- [DATA UNDER STUDY]
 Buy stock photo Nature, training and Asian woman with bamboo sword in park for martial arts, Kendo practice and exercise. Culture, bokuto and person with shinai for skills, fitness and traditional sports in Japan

...

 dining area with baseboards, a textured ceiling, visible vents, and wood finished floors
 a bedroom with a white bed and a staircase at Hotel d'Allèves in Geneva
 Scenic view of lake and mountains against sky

--

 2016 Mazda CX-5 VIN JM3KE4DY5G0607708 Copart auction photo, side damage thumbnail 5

- [TASK TO COMPLETE] Only the lines that hold the word "photo" are wanted; each should be pulled from the records.

- [TASK OUTPUT]
 Buy stock photo Nature, training and Asian woman with bamboo sword in park for martial arts, Kendo practice and exercise. Culture, bokuto and person with shinai for skills, fitness and traditional sports in Japan
 2016 Mazda CX-5 VIN JM3KE4DY5G0607708 Copart auction photo, side damage thumbnail 5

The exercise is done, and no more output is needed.